Violence in the north east of the country and in the capital Bangui has forced hundreds of thousands of people to flee their homes. UNHCR estimates that over 2000 people have been killed since December 2013. More than 600 000 people have been internally displaced and some 100 000 have fled to the Democratic Republic of Congo (DRC), the Republic of the Congo, Chad and Cameroon.
According to the UNHCR, the Democratic Republic of the Congo is now hosting nearly 60,000 refugees from Central African Republic. Half of them are spread across four refugee camps, while the others are living with host families.
An estimated 9000 people live in the Mole refugee camp, located on the banks of the Oubagui river, 35 kilometres from the nearest big town, Zongo, in the Democratic Republic of Congo.
Nearly 10,000 refugees, both Muslims and Christians, have found refuge in the Boyabu Camp.
Mole refugee camp, Zongo, DRC. More than 9000 people live in the Mole refugee camp. Refugees have set up a small market at the entrance of the camp where they trade whatever goods and food they can spare.
Boyabu refugee camp, Lebenge, DRC. Shelter are made from wooden frames covered in plastic sheeting.

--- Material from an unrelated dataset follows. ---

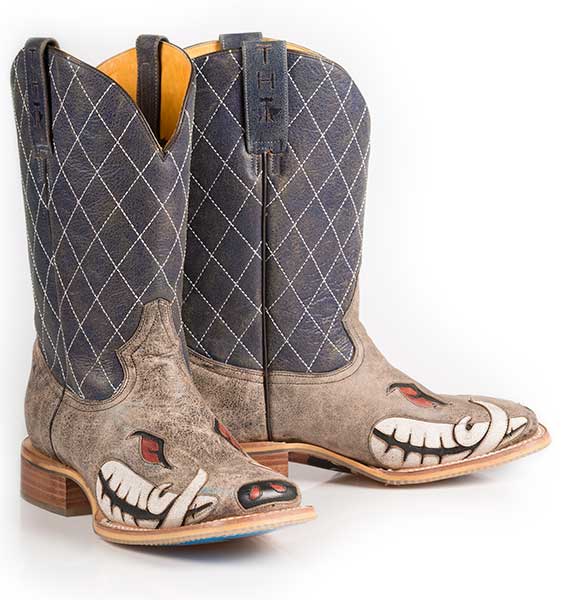 Men's Tin Haul 14-020-0007-0202 BR "Not Boaring" 13" Brown Wide Square Toe LAST ONE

Refugees sleep on bamboo matts on the bare ground.
Boyabu refugee camp, Lebenge, DRC. School children showing the words they learned in class that day. Not all the children receive notebooks. Many of them have have to use small wooden black painted boards and chalk.
Boyabu refugee camp, Lebenge, DRC. Every day the number of shelters in the camp is growing. 20 to 30 new refugees arrive to the camp every 2 or 3 days.

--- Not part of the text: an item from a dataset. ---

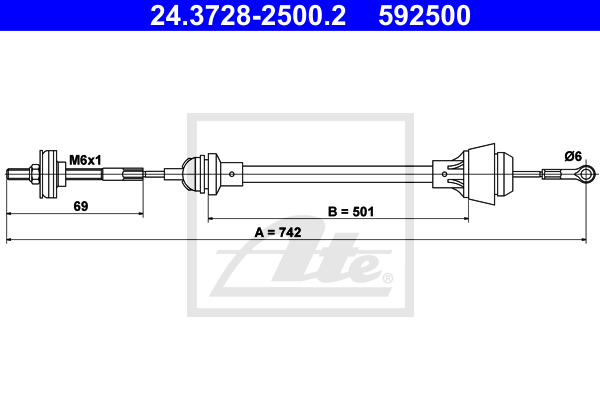 Tirette à câble, commande d'embrayage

Boyabu refugee camp, Lebenge, DRC. Teenagers often walk for hours to reach local markets and trade and sell the egetables and fruits they pick in the forest with locals.
Children in Mole refugee camp, Zongo, DRC. The majority of the children in the camp attend schools set up by the UNHR with the support of the refugees' leaders.
Mole refugee camp, Zongo, DRC. People in the camp are trying to live as normal as possible despite the situation. Most of them already have a daily routine of chores around their shelter, provided by UNHCR.